Мещане
1877
Глава V
Трахов прямо из Английского клуба проехал к Бегушеву. Прокофий, отворивший ему дверь, обрадовался генералу. Он любил, когда барина его посещали знатные особы.
— Дома?.. — спросил Трахов.
— У себя-с… пожалуйте!.. — поспешно ответил Прокофий.
Генерал пошел было.
— У нас же живет и Аделаида Ивановна, — счел за нужное присовокупить Прокофий.
— Ах, я очень рад, что увижу кузину, — говорил генерал, идя в знакомую ему диванную.
Бегушева он застал играющим в шахматы с графом Хвостиковым, который, как и на железной дороге, хотел было удрать, увидав Трахова; но удержался, тем более что генерал, поздоровавшись или, лучше сказать, расцеловавшись с Бегушевым, поклонился и графу довольно вежливо. Граф, с своей стороны, тоже ответил ему, с сохранением собственного достоинства, почтительным поклоном.
Все уселись.
— А с вами, кузен, живет и кузина Аделаида Ивановна? — сказал генерал Бегушеву.

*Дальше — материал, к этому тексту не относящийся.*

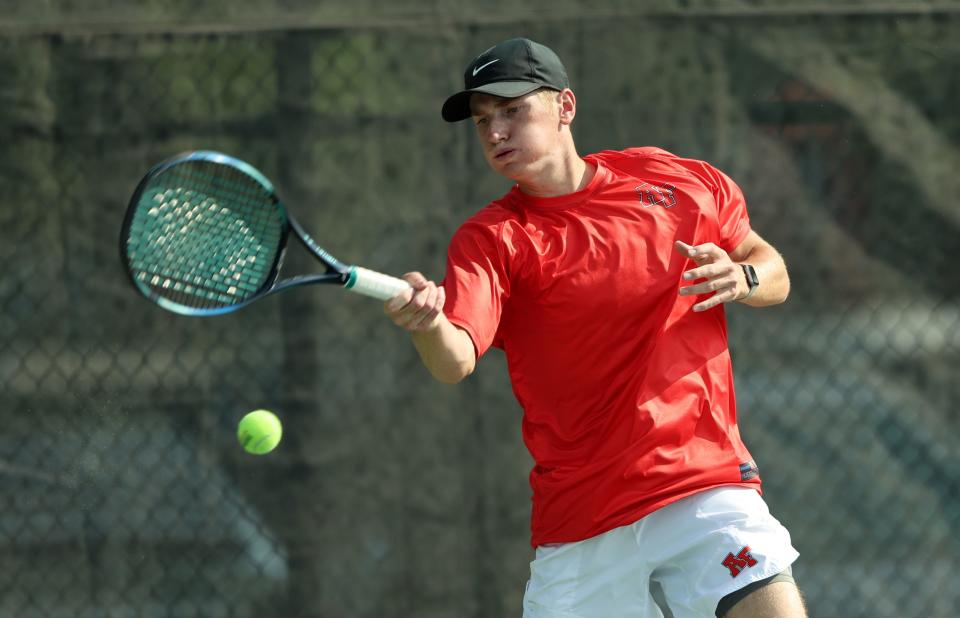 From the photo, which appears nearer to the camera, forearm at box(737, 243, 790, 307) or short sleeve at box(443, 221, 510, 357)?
short sleeve at box(443, 221, 510, 357)

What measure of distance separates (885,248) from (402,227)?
4.98ft

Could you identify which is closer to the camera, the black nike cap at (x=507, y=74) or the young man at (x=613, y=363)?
the young man at (x=613, y=363)

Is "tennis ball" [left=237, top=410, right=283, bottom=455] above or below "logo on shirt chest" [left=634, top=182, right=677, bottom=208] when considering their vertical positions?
below

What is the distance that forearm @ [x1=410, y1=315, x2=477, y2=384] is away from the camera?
2.39 m

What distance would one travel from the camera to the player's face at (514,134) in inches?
107

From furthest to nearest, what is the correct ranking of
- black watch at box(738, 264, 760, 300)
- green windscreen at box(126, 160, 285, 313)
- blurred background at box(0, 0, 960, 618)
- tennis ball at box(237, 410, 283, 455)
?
blurred background at box(0, 0, 960, 618)
tennis ball at box(237, 410, 283, 455)
black watch at box(738, 264, 760, 300)
green windscreen at box(126, 160, 285, 313)

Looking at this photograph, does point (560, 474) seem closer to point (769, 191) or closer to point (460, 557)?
point (460, 557)

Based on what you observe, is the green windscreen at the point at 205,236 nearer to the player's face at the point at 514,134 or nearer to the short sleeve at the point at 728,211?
the player's face at the point at 514,134

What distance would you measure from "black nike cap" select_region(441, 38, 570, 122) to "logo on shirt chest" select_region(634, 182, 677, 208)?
31 cm

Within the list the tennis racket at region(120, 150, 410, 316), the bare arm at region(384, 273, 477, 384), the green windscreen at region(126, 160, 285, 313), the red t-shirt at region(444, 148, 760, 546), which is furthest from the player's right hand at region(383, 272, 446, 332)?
the green windscreen at region(126, 160, 285, 313)

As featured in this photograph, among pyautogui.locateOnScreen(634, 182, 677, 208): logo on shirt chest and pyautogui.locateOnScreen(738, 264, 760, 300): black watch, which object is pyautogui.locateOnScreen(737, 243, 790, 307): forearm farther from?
pyautogui.locateOnScreen(634, 182, 677, 208): logo on shirt chest

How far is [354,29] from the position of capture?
3734 millimetres

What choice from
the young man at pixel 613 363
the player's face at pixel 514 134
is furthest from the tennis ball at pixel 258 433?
the player's face at pixel 514 134

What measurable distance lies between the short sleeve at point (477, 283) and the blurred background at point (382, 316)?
110 centimetres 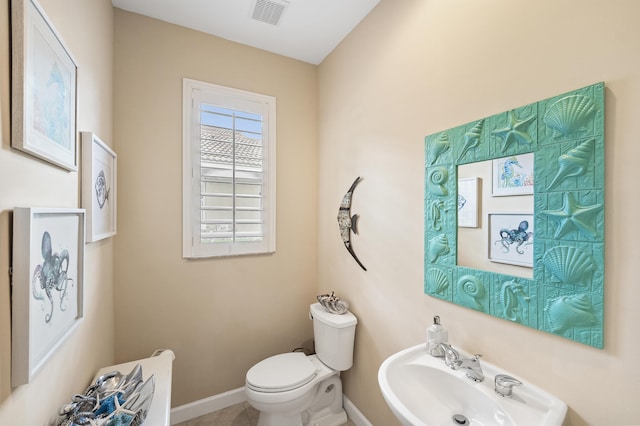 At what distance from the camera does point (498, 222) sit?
105 centimetres

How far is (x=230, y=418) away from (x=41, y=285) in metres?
1.70

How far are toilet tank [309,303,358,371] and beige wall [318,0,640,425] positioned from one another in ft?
0.26

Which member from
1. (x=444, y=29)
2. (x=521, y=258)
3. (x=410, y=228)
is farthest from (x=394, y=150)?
(x=521, y=258)

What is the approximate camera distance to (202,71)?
6.26 ft

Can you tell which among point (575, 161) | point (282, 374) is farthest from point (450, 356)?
point (282, 374)

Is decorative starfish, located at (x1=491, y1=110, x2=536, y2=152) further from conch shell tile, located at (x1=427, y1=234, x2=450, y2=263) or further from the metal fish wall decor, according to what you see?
the metal fish wall decor

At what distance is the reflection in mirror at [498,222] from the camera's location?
0.96 meters

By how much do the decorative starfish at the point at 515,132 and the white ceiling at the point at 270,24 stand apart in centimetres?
122

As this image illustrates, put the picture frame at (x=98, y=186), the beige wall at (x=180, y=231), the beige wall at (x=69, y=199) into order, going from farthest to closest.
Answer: the beige wall at (x=180, y=231) < the picture frame at (x=98, y=186) < the beige wall at (x=69, y=199)

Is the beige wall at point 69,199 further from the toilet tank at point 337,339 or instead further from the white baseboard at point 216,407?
the toilet tank at point 337,339

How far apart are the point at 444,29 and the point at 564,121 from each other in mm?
720

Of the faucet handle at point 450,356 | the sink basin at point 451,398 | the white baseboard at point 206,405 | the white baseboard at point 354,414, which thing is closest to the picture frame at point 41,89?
the sink basin at point 451,398

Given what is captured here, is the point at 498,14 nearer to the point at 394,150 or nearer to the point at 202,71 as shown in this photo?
the point at 394,150

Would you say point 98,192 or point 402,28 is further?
point 402,28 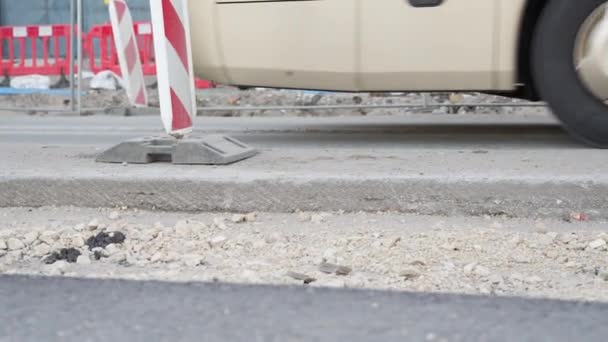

— Со мной!.. — проговорил тот.
— Как ее здоровье?
— Так себе, ничего!.. Скрипит.
— Мы нынче все скрипим кое-как!.. — произнес генерал, проведя рукой по животу своему, и при этом парижские бульвары припомнились ему во всей своей прелести.
— Именно все скрипим!.. — подтвердил граф Хвостиков, не могший удержаться, чтобы не заговорить с Траховым; а потом, говоря правду, он и скрипел более, чем кто-либо, — денежные обстоятельства его были даже более обыкновенного плохи: издание газеты с Долговым окончательно не удалось; та газета, где он фельетонствовал, отказала ему за то, что он очень сильно налгал в одном из фельетонов, и его даже тянули в суд за оскорбление.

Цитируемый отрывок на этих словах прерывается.